This thread has been locked.

If you have a related question, please click the "Ask a related question" button in the top right corner. The newly created question will be automatically linked to this question.

TPS62821: Quiescent Current and Threshold on 100% Duty Cycle Mode

Part Number: TPS62821

Hi team,

I have a couple questions with a customer looking to use this device in a low Vin, low load setting. In the particular low power setting, the input voltage can be as low as 3.3V with a load of 15uA, with the desired output voltage at 3.3V.

First of all, what's the threshold voltage difference between the input and output voltage for the device to enter 100% mode where the low-side switch is off? I see section 8.4.3 mentioning the minimum Vin, but what would be the max before going into PSM mode? Would load current matter here and if so what would it be with the load at 15uA?

Secondly, just want to confirm the quiescent current at 100% duty cycle mode.  The electrical characteristics table on page 5 in section 7.5 mentions that Iq typ is 4uA and max is 10uA.  This would be the same at all loads while the device is operating in 100% duty cycle right? I see graphs such as Figure 8 showing a curve with the efficiency lower at lighter loads (black line), is that just because of the ratio of the quiescent current and load current?

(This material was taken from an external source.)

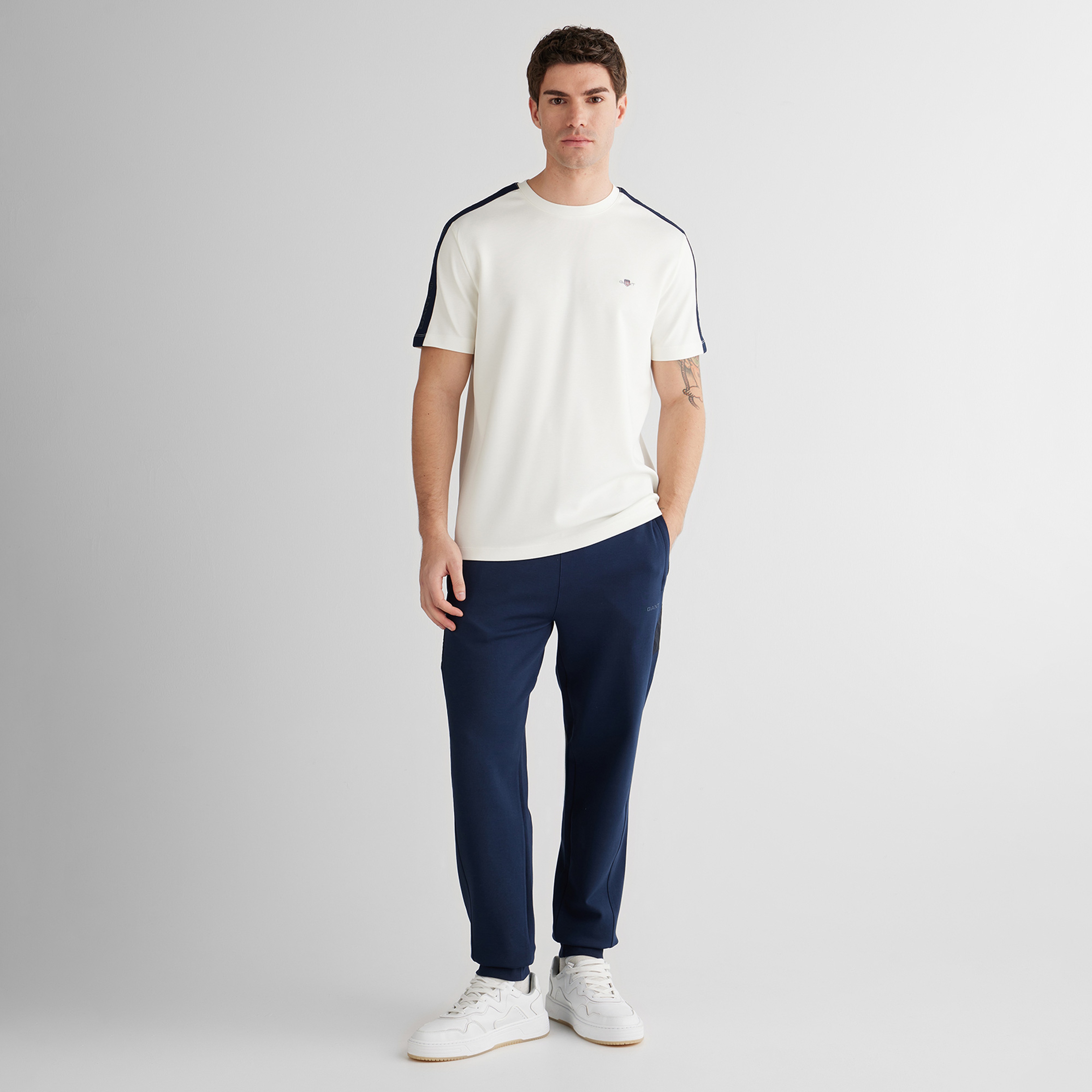 GANT Erkek Beyaz Regular Fit T-Shirt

Thanks for the help and best regards,

Jerry

  • Hello Jerry,

    It's my pleasure to help you.

    To find the Vi-Vout value for 100% mode operation, just bring the Vout term to the right member of equation (3) at section 8.4.3 of the DS. You'll find it depends on the load current and is: Iout+(RDS_on + DCR_L ).

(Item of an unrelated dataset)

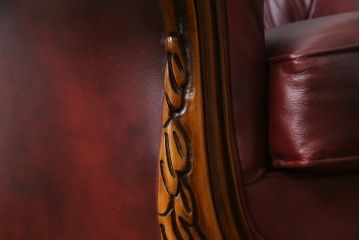 中古　イタリア高級家具　本革　貝殻のようなシェルバックのデザインがお洒落な1人掛けレザーソファ(ラウンジチェア、アームソファ、一人掛けソファ、パーソナルチェア)(R-067771)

    The Vin(min) value specified in the same section is the value below which you won't have anymore Vout regulation because of the 100% mode. To exit 100% mode, the error amplifier must detect the Vout change due to Vin rise, and turn on the low side. This value is subject to many internal variables and external as well, and can't be predicted on a static base. Since the error amplifier and the compensation network are involved, this value depends also on the dinamics of Vin and the whole system.

    "Would load current matter here and if so what would it be with the load at 15uA?" I am sorry, I don't get the question.

    The quiescent current does not depend on the desired load current, but on the mode of operation, so if one stays in 100% mode, the Iq will stay the same independently from the load.

    At light load, the Power consumed by the constant Iq drawn by Vin weights more in the efficiency calculation, hence the drop of efficiency, so yes it depends on the Iq/Iload ratio.
  • Hi Emmanuel,

    Thanks for the help.  I have a follow up question after looking a bit closer in Figure 8 of the datasheet:

    Looking at the point where the 3.3V line (100% mode) crosses 1mA on the x axis, the efficiency is 80%. Losses from resistance are going to be very small at 1mA, so I would imagine a rough estimate would be to assume most of the losses are based on quiescent current. If the Iq is 10uA max like the datasheet says, the efficiency should be around 99%, not 80%. 80% efficiency implies there's a current of ~200uA. What are other factors causing of the drop in efficiency?

    Thanks for the help and best,

    Jerry

  • Hello Jerry,

    The value quiescent current you have to consider in this case is not the 10uA you find in the datasheet, because the conditions are not same. The 10uA are referred to a non switching situation, which means both high side and low side fets are turned off. This situation, combined with the Iload=0 condition, basically refers to PSM operation.

    In 100% mode the high side is constantly on, so the quiescent current has a quota related to the current needed to refresh the gate of the high side and keeping it in on-state with a certain Rds_on. Hence the lower efficiency you have noticed is explained.